Problem statement
Drop all images. Then write out each line below exactly as given.

Image-text web data:
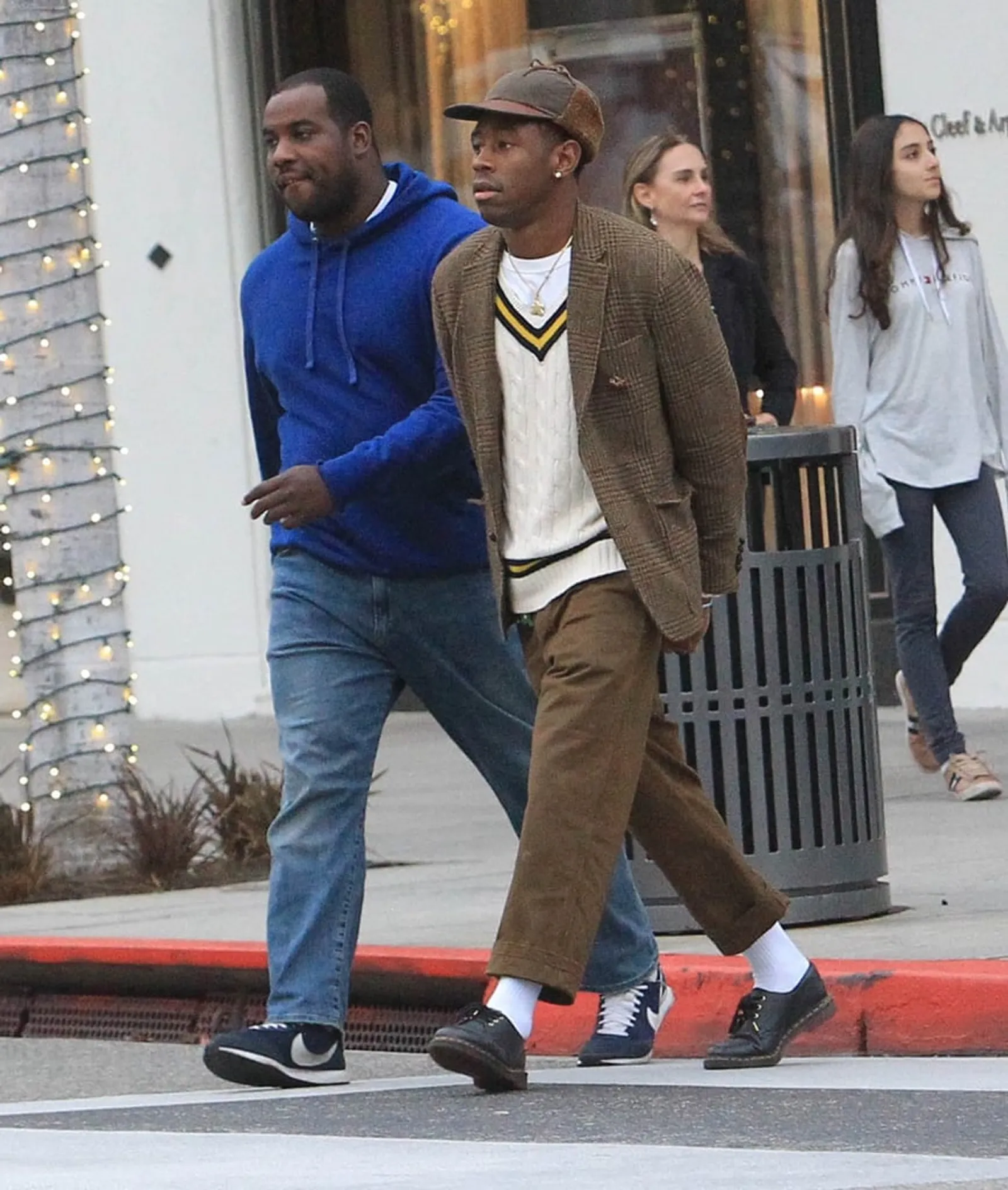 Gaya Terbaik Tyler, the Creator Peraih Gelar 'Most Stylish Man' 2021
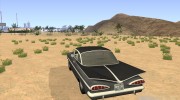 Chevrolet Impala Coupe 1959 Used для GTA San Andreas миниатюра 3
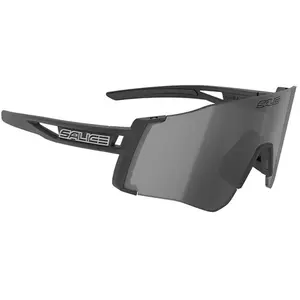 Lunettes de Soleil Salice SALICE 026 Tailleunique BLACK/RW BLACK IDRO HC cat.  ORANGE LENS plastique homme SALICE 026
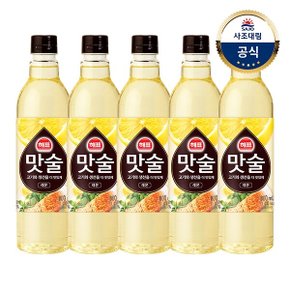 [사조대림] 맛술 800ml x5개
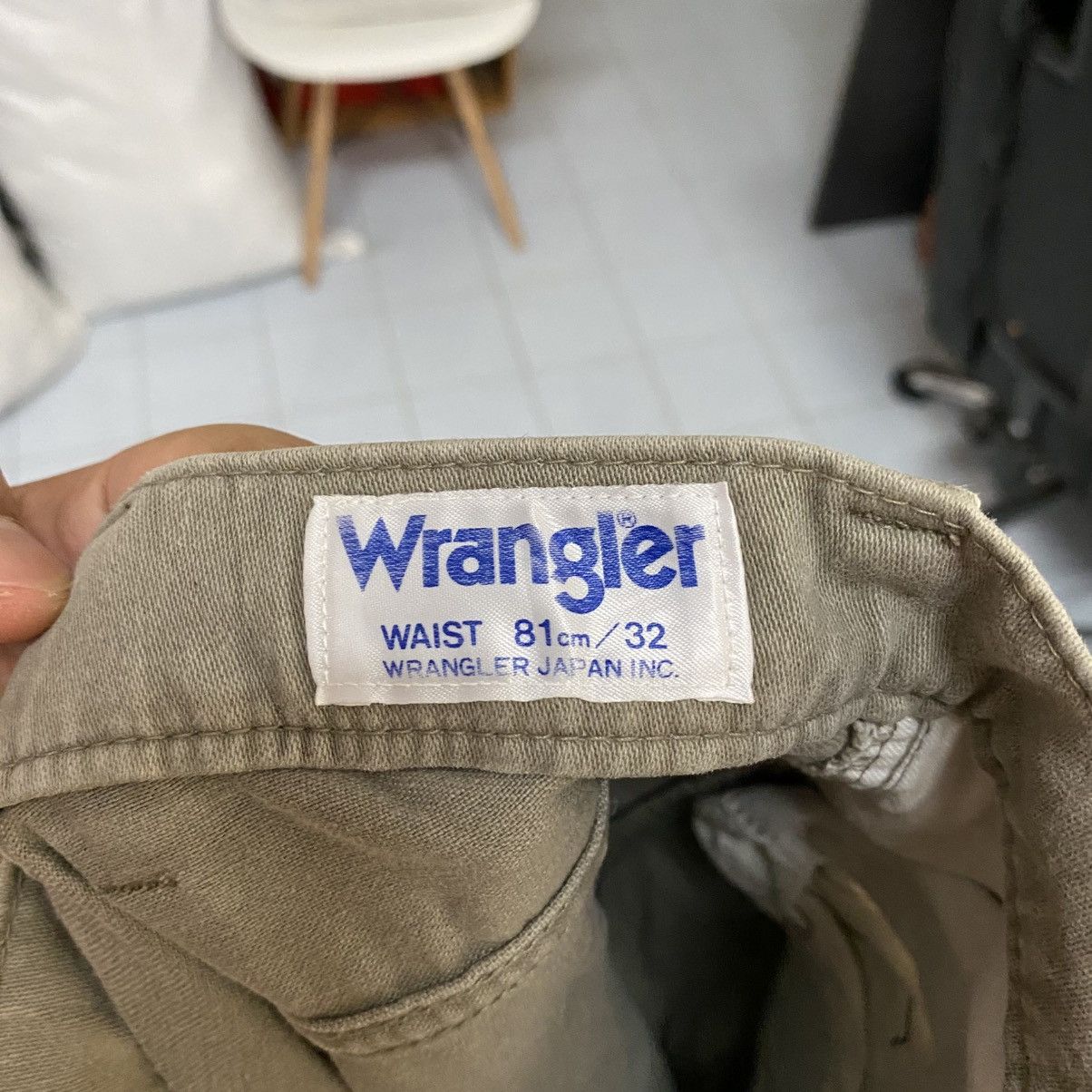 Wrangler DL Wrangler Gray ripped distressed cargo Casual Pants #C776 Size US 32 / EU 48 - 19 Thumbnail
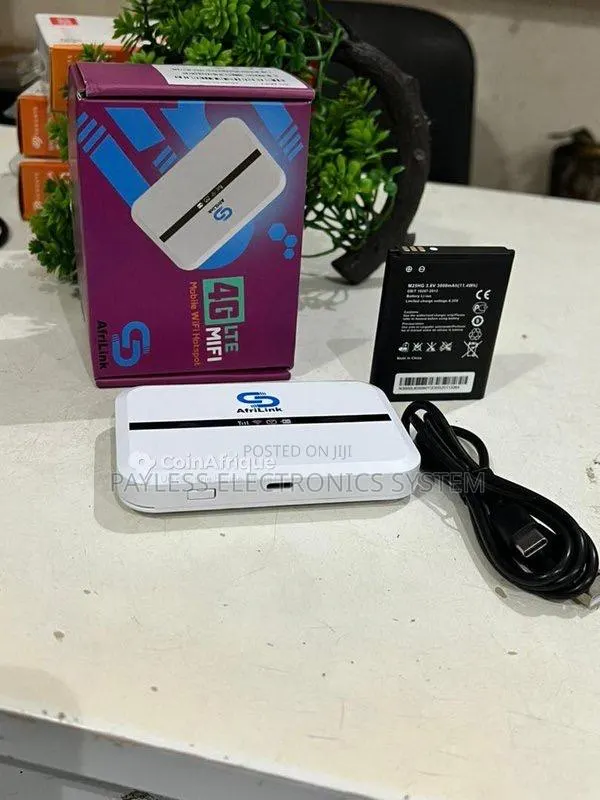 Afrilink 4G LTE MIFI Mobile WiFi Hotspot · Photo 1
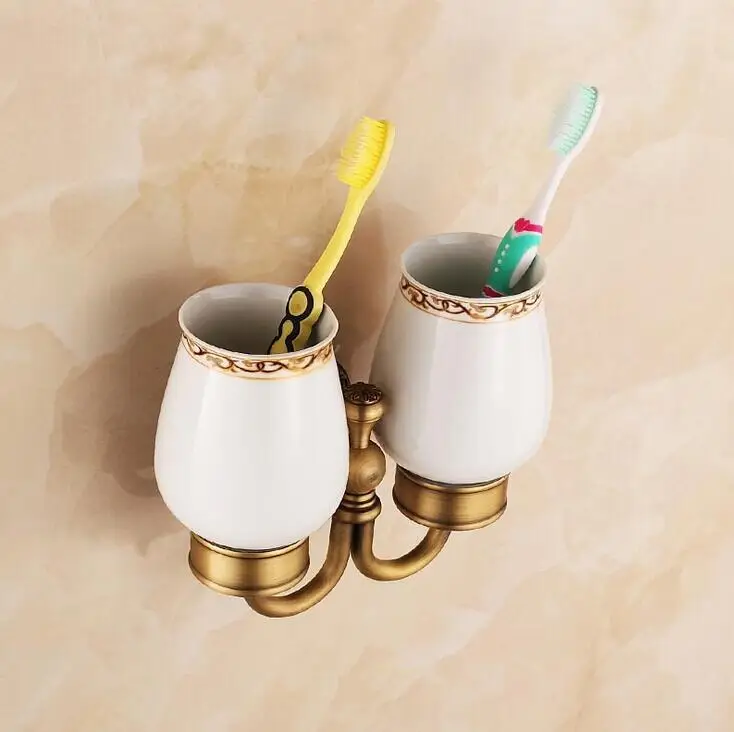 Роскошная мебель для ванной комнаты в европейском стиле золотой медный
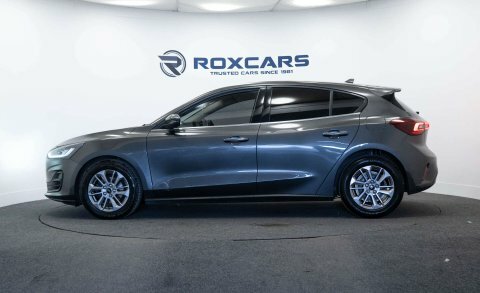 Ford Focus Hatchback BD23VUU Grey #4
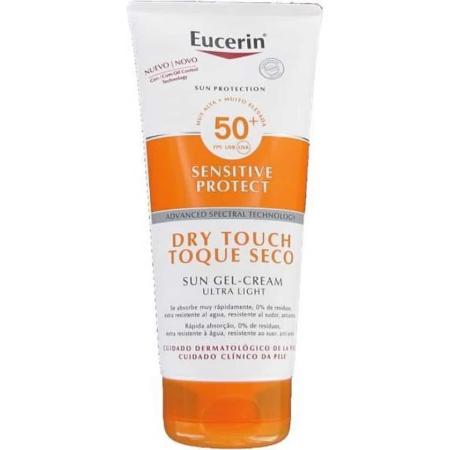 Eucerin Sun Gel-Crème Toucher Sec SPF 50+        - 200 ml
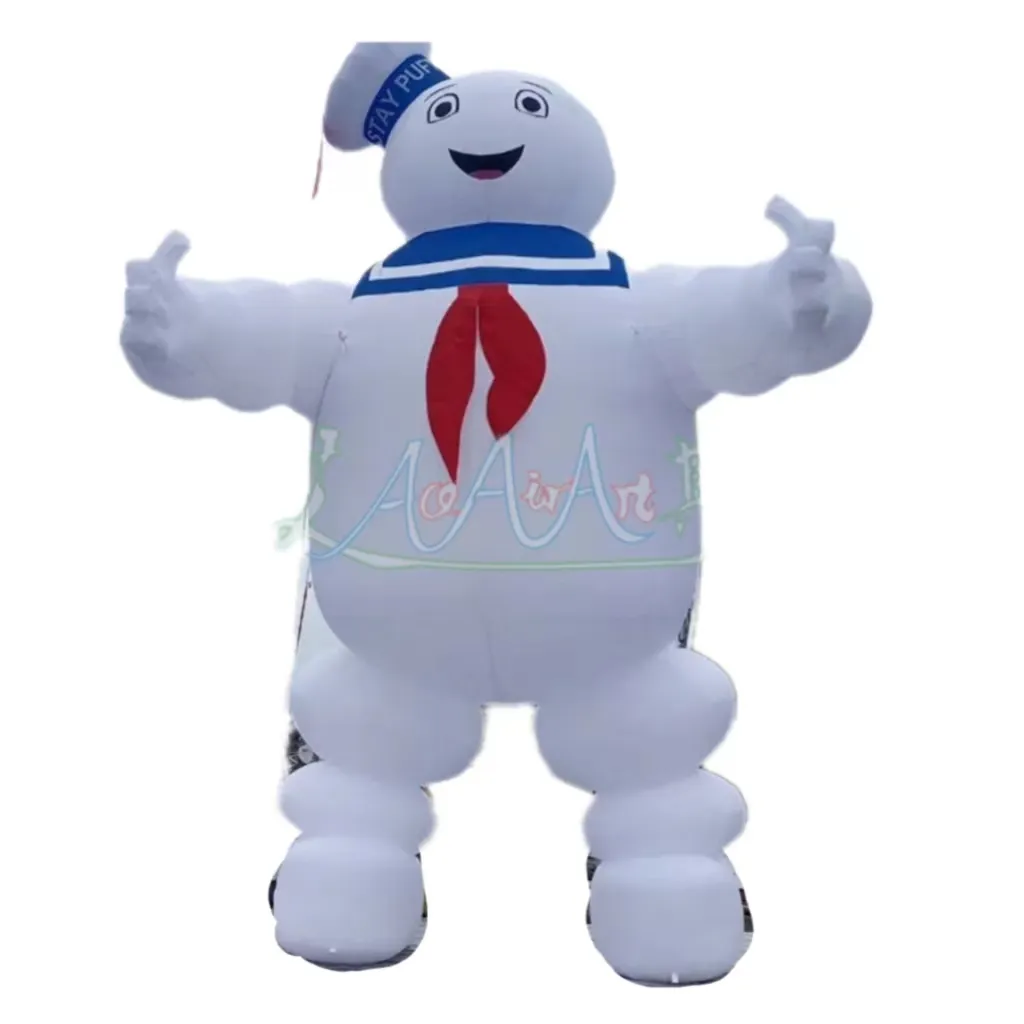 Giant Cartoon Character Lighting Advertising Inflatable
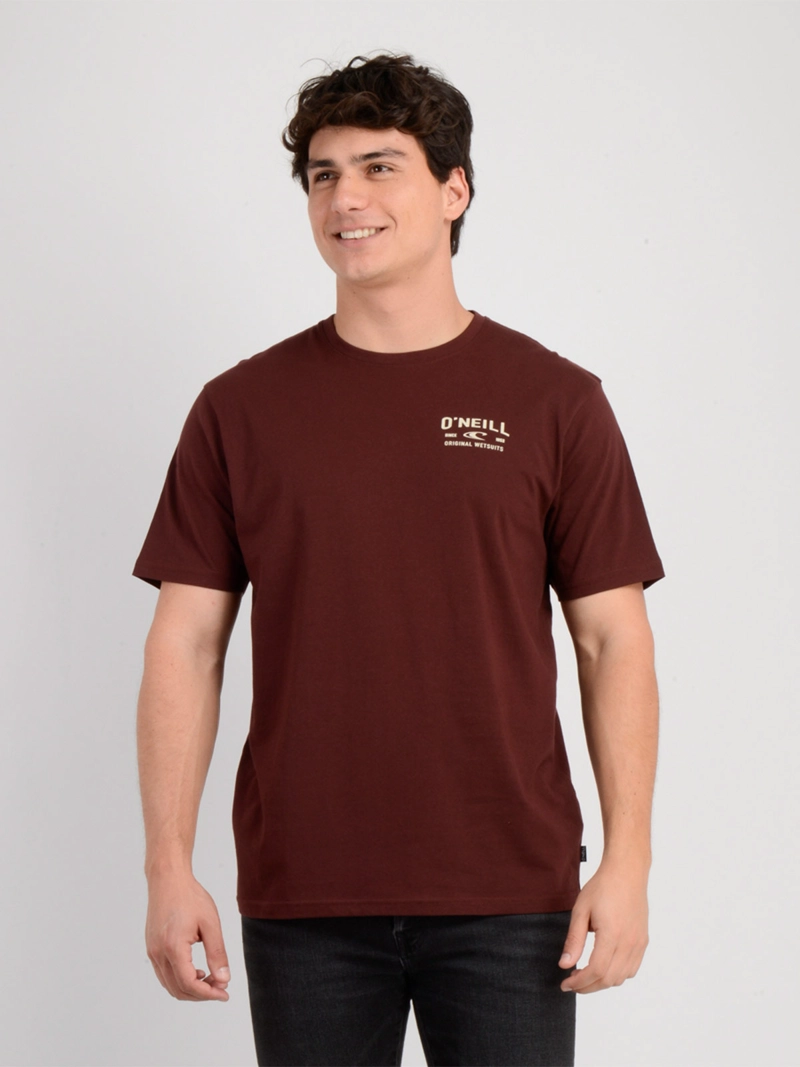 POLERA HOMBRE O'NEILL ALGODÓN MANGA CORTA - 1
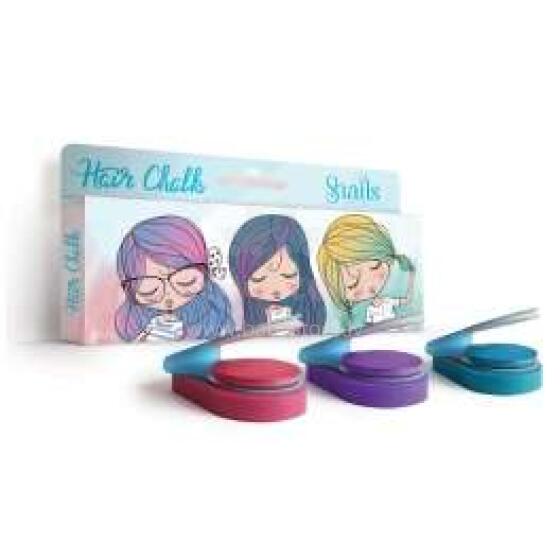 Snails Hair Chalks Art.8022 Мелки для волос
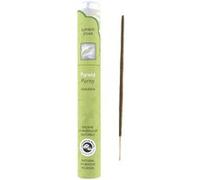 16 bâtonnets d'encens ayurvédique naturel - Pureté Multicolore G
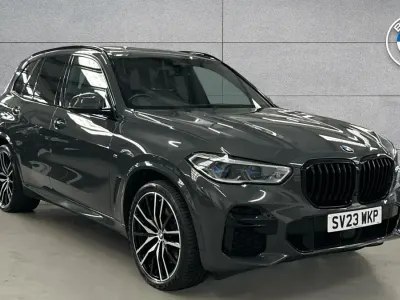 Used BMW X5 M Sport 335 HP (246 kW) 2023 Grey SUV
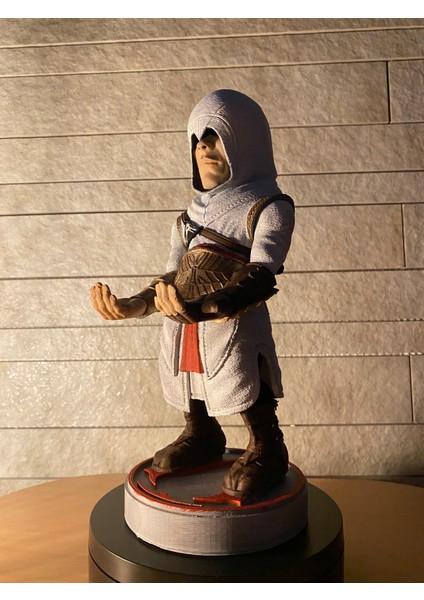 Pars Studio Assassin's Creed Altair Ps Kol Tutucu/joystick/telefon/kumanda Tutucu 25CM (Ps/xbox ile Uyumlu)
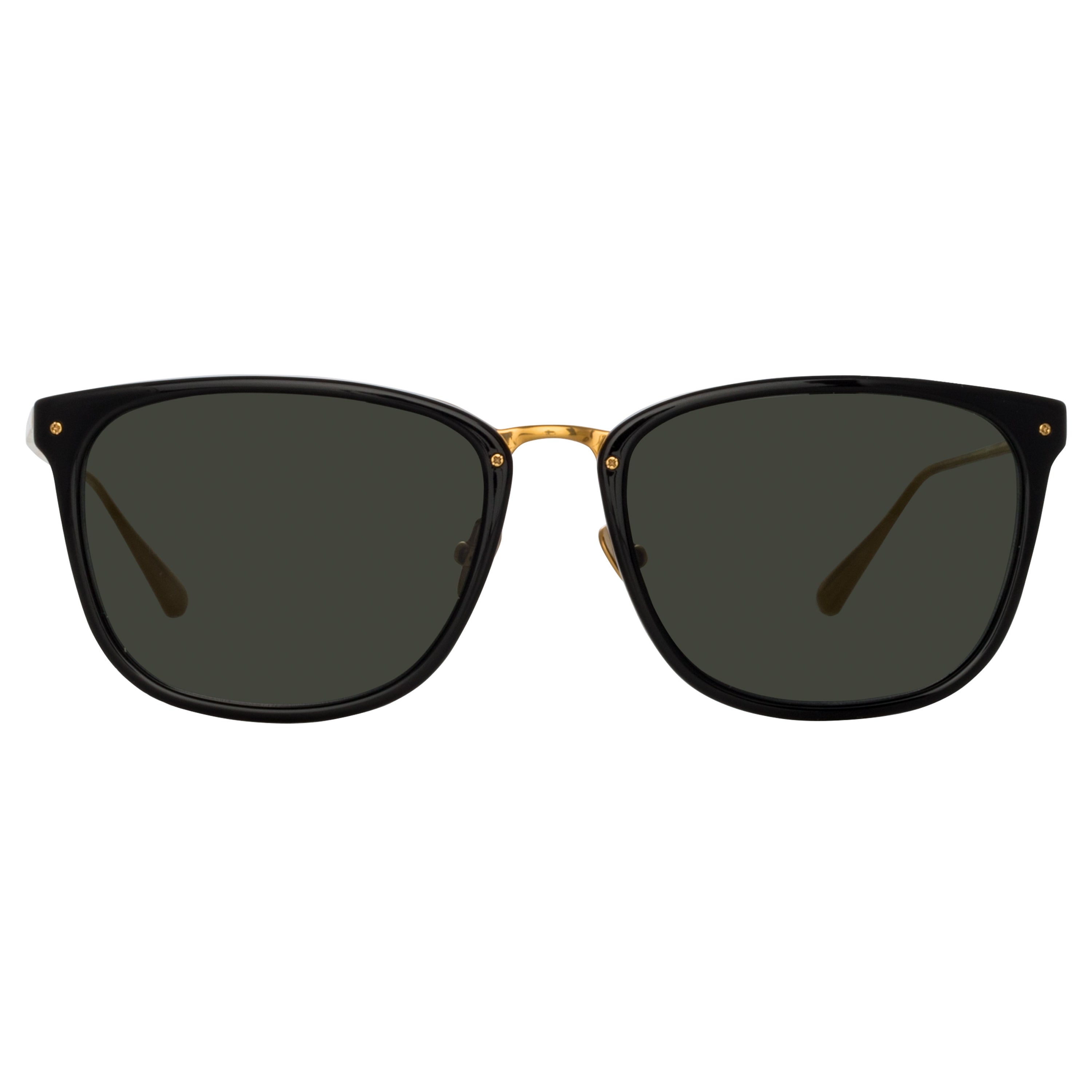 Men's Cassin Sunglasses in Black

Worked solution
 Gaya Terbaik Tyler, the Creator Peraih Gelar 'Most Stylish Man' 2021
 Chevrolet Impala Coupe 1959 Used для GTA San Andreas миниатюра 3
 Lunettes de Soleil Salice SALICE 026 Tailleunique BLACK/RW BLACK IDRO HC cat.  ORANGE LENS plastique homme SALICE 026
 [사조대림] 맛술 800ml x5개
 Wrangler DL Wrangler Gray ripped distressed cargo Casual Pants #C776 Size US 32 / EU 48 - 19 Thumbnail
 Afrilink 4G LTE MIFI Mobile WiFi Hotspot · Photo 1
 Роскошная мебель для ванной комнаты в европейском стиле золотой медный
 Ford Focus Hatchback BD23VUU Grey #4
 Eucerin Sun Gel-Crème Toucher Sec SPF 50+        - 200 ml
 Giant Cartoon Character Lighting Advertising Inflatable
 POLERA HOMBRE O'NEILL ALGODÓN MANGA CORTA - 1
 Snails Hair Chalks Art.8022 Мелки для волос
 16 bâtonnets d'encens ayurvédique naturel - Pureté Multicolore G
 Used BMW X5 M Sport 335 HP (246 kW) 2023 Grey SUV
 Pars Studio Assassin's Creed Altair Ps Kol Tutucu/joystick/telefon/kumanda Tutucu 25CM (Ps/xbox ile Uyumlu)
 Men's Cassin Sunglasses in Black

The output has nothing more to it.